Whenever the Democrats win, the right wing will invariably pull out a map like the one on the right to try and illustrate that most of the United States voted for the conservative, even if more people voted for the Democrat. SEE??? LOOK AT ALL THAT RED!!! LOOK AT IT!!!!! This is done to try and delegitimize the victor, and somehow "prove" that conservatives are the real majority (much of the "heartland" blather is based on this).
Just to note before I go on, even though I found this map attached to a posting from yesterday on a conservative website, I'm pretty sure this reflects the 2008 election, instead of 2012, since it shows some counties as blue that I know went for Romney, and some as red that I know went for Obama, but for the purposes of this post it will do.
So where are all those blue counties located? Generally, they're located where the bulk of the population lives. Since I live in Pennsylvania, we'll use the Keystone State to dig a little deeper (I made my own color-coded map for PA as a reference, but its a bit messy, although it generally conforms to the above.)
Which counties went for President Obama in Pennsylvania, which as of the last census contained 12,702,379 people? They would be Philadelphia, Delaware, Montgomery, Bucks, Lehigh, Northampton, Monroe, Luzerne, Lackawanna, Dauphin, Allegheny, and Erie. Not surprisingly, these counties also contain the state's biggest cities; Philadelphia, Pittsburgh, Erie, Harrisburg, and Scranton/Wilkes-Barre. These counties contain 6,634,551 people, or over 52% of the state's population. Not coincidentally, the President took Pennsylvania with 52% of the vote. Those vast swaths of red are for the most part pretty sparsely populated and rural or mountainous. Romney didn't get much help from the larger suburban counties he won either.

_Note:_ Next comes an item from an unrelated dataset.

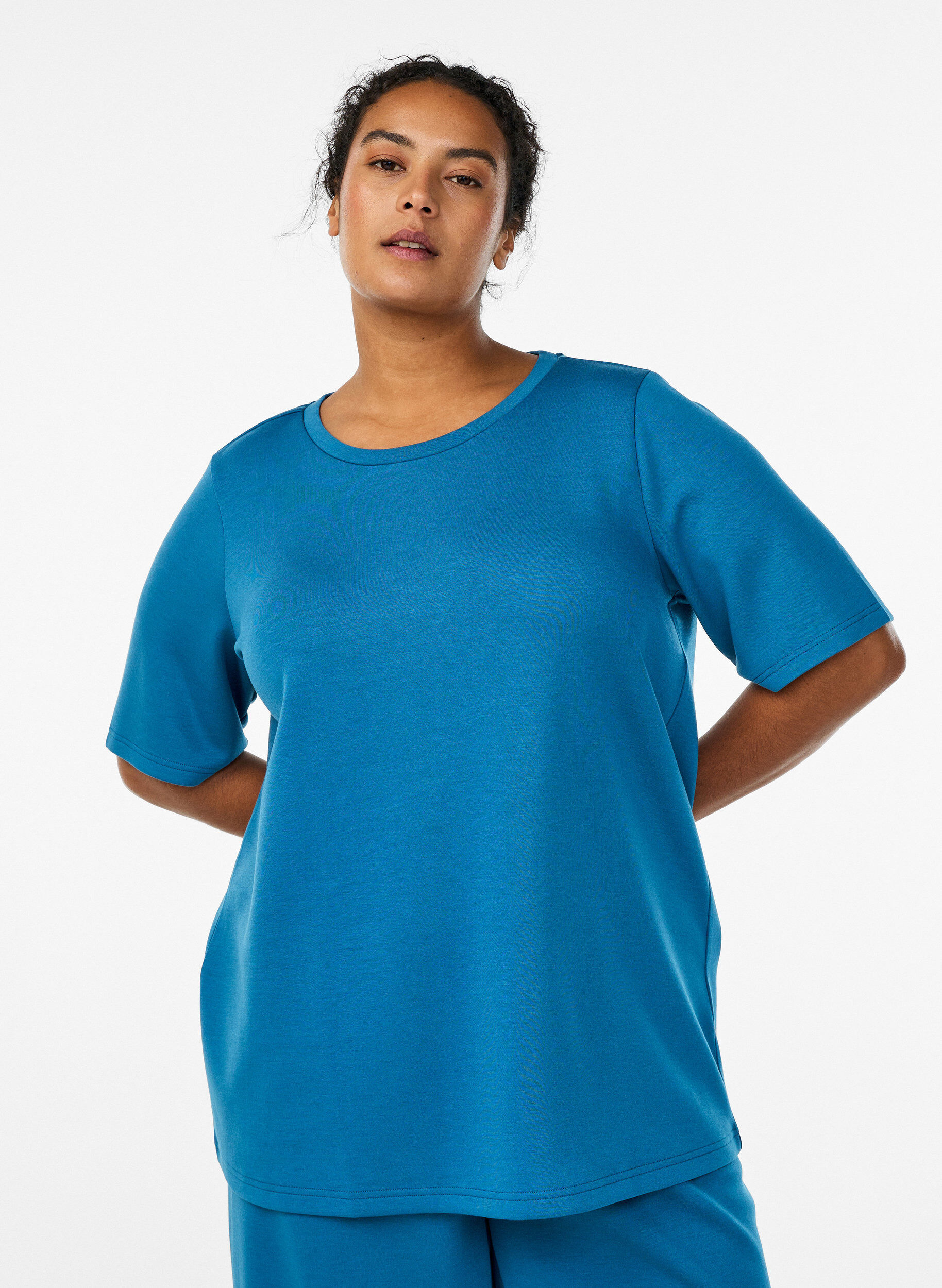 T-Shirt aus Modalgemisch, Petrol, Model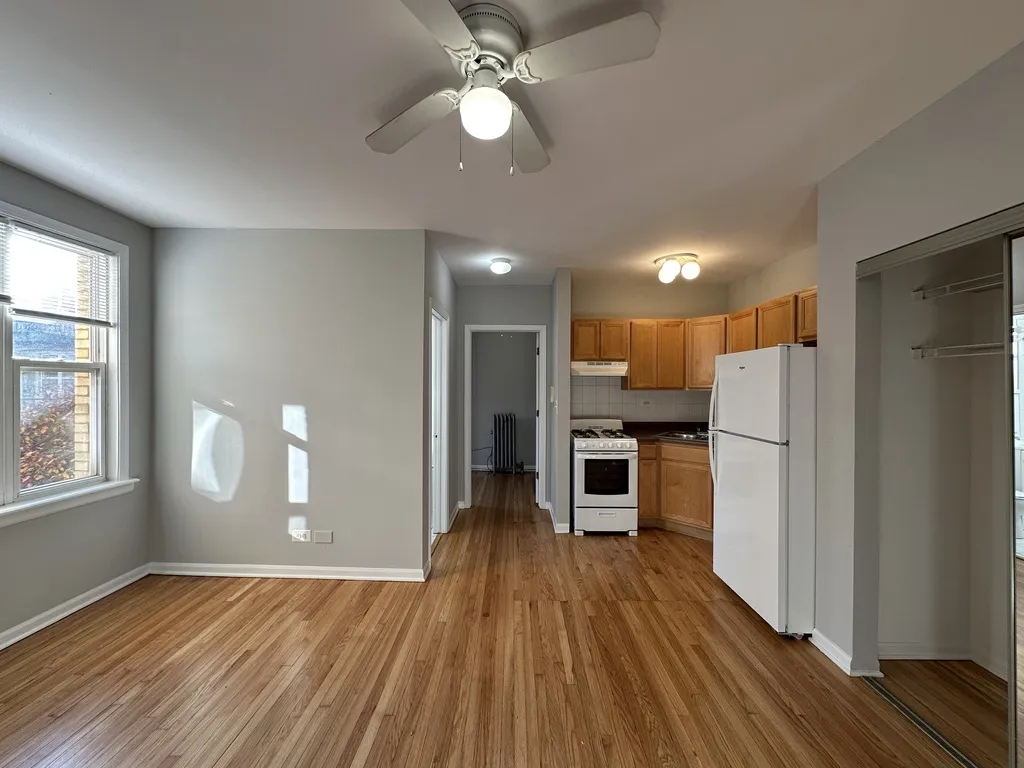 914 W Dakin St, ,  60613, USA 60613-unit#207-Chicago-IL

For example, while Chester County, with a population of nearly half a million people and one of Pennsylvania's largest counties was in Romney's column, he beat the President there by a mere 58 votes. Centre County, another fairly large county (which not oddly at all, is in the center of the state) and home to Penn State University, went for Romney by 20 votes. The Republicans aren't going make up ground with anemic wins like that, even if they do manage to garner 60% of the vote in Forest County (population 7,716).
Just a little something to keep in mind when you see a similar map tossed around (and you probably will).
Population data came from the US Census Bureau website.
2012 election data for Pennsylvania came from the Commonwealth of Pennsylvania's website.